It starts with you - a technical leader whos passionate about building resilient, automated infrastructure and growing high-performing teams. You care about operational excellence, developer experience, and enabling AI-driven teams to move fast with confidence. Youll lead the DevOps team in architecting and operating the compute and networking infrastructure that powers our AI platform - from CI/CD pipelines to Kubernetes clusters to observability systems.
If you want to lead a team that builds the infrastructure foundation for mission-critical AI systems, join mission - this role is for you.
:Responsibilities
Lead and grow the DevOps team - hiring, mentoring, and developing engineers while fostering a culture of ownership and continuous improvement.
Define compute and networking infrastructure strategy across cloud and on-prem environments; drive architectural decisions that balance reliability, security, cost, and velocity.
Own the platforms deployment, scaling, and operational posture - ensuring systems meet demanding SLAs for government and national-scale customers.
Build and evolve CI/CD pipelines for application and service deployments with automated testing, security scanning, and rollback capabilities.

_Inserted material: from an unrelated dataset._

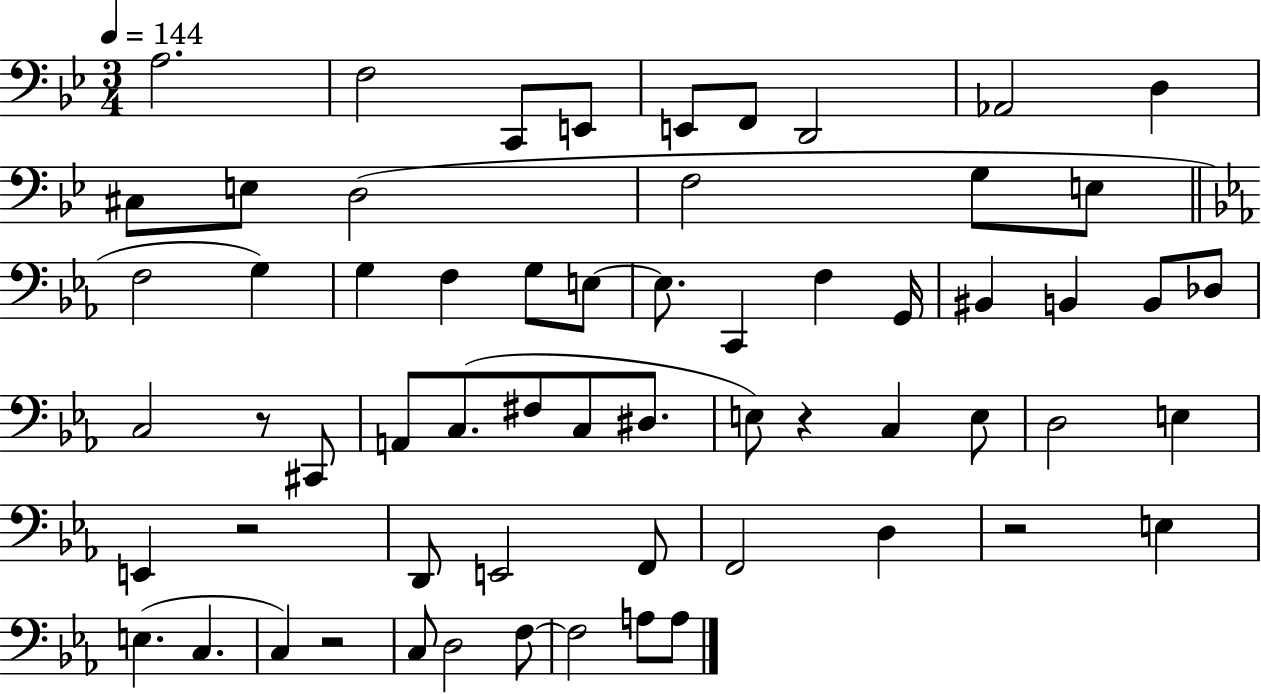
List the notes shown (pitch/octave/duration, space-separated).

A3/h. F3/h C2/e E2/e E2/e F2/e D2/h Ab2/h D3/q C#3/e E3/e D3/h F3/h G3/e E3/e F3/h G3/q G3/q F3/q G3/e E3/e E3/e. C2/q F3/q G2/s BIS2/q B2/q B2/e Db3/e C3/h R/e C#2/e A2/e C3/e. F#3/e C3/e D#3/e. E3/e R/q C3/q E3/e D3/h E3/q E2/q R/h D2/e E2/h F2/e F2/h D3/q R/h E3/q E3/q. C3/q. C3/q R/h C3/e D3/h F3/e F3/h A3/e A3/e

Drive infrastructure-as-code practices for compute, networking, and orchestration - ensuring reproducible, auditable, and version-controlled infrastructure across all environments.
Enable AI-native operations - support agentic deployment pipelines, self-healing infrastructure, and secure sandboxing for model experimentation.
Establish observability, alerting, and incident response practices that provide visibility into system health and enable fast recovery.
Partner with Engineering, Data Platform, Data Engineering, and Security teams to align infrastructure capabilities with platform needs.
Establish infrastructure characteristics (availability, latency, throughput) that enable data freshness, correctness, and low-latency pathways for AI training/inference, retrieval, and agentic workflows.
Ship paved-road developer tooling - shared templates, CI/CD workflows for services, IaC modules for compute and networking, and runbooks - to standardize best practices across engineering teams.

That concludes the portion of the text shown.